2.1. Le consensus immédiat

Il y a consensus immédiat lorsque la proposition d’un locuteur est ouvertement ratifiée ou reprise en chœur par les participants. L’accord, exprimé par une confirmation (oui, t’as raison, ah ben moi aussi…) :

‘(où déictiques et marques temporelles sont aussi le lieu d’un consensus)
P. à un moment j’ai même pensé à d’la banane moi
M. oui et ben moi aussi au premier
P. ah oui au début
M. à la premier
P. oui
M. mais vraiment le tout premier
P. et puis ap- oui oui
M. au tout premier
P. oui oui... (S.A.V. n°11, 91),’

ou par la réitération d’un signifiant quelquefois même hypertrophié par ce qui semble à la lecture des transcriptions une surcharge de répétitions :

‘2. c’est plus une teinte un petit peu rubis (qu’on a toujours)
1. oui
3. oui rubis tout à fait
2. un p’tit peu rubis (Vinorama n°1, 37).’
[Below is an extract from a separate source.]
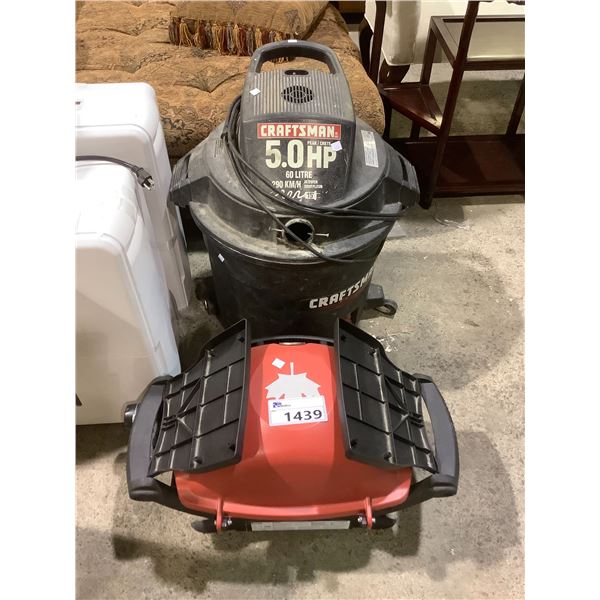 PORTABLE BBQ & CRAFTSMAN 5.0 HP SHOP VAC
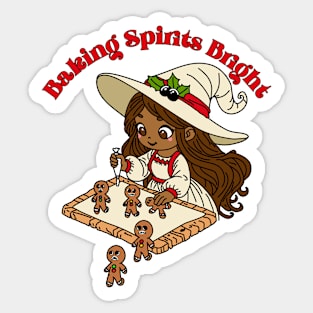 Baking Spirits Bright Witch Sticker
L’objet même du consensus peut ne pas être clairement délimité par les participants :

‘[Mg et J. ont chacun un référent très “personnel” qu’ils n’ont pas encore dénommé : leur accord repose uniquement sur la certitude de l’identité de l’arôme]
Mg ça ça m’rappelle une odeur que j’connais en tout cas
J. ah moi moi aussi c’est une odeur alors là Extraordinairement nette quand on l’aura trouvée on pourra pas dire qu’c’est aut’chose c’est: mais alors
Mg ça se relie à des: à des images à des odeurs de ma vie hein
J. oui bien sûr (Oingt n°27, 232).’

Ou bien il peut s’exprimer malgré des divergences, lorsque le référent est nommé différemment :

‘[à propos d’un échantillon d’arôme]
M. je trouv- c’était un un une odeur de de produit ça m’rappelait la la quincaillerie chez moi
C. oui mais parce que c’
M. le magasin
P. ah oui’ ‘C. c’est d’l’aci- c’est l’acide cyanhydrique (S.A.V. n°13, 409).’ ‘[à propos de l’aspect olfactif : on peut supposer que les signifiants énoncés par chacun des trois locuteurs renvoient au même “concept” de qualité]
2. au nez c’est franc c’est:: c’est net
3. oui y’a un joli nez,
2. c’est parfumé…
3. y’a un nez qui inspire confiance a priori
1. oui le nez est bien hein (Vinorama n°1, 51).’

Une autre forme de réussite consiste chez L2 à intégrer les propositions précédentes : en les cautionnant – souvent par hétéro-répétition – il manifeste son accord immédiat :

‘[durant la phase d’accord mets et vin, le professeur A. répond à chaque proposition d’élèves]
E? euh des huîtres
A. avec des huîtres pourquoi pas
E? euh ouais des fruits d’mer ou des fruits d’mer…
E? fruits d’mer
A. oui oui des fruits d’mer du poisson’ poisson grillé
E? des coquillages comme euh
A. coquillages des p’tits ... iodé (Vvier n°2, 100).’

Pour être aussi abondamment et explicitement dénoté, l’accord (en particulier sur le signe) semble jouer un rôle déterminant dans la cohésion des interactions enregistrées. Il souligne le pôle irénique de l’interaction : les participants s’auto-satisfont de leur exploit, c’est-à-dire de leur réussite à formuler en commun des impressions individuelles.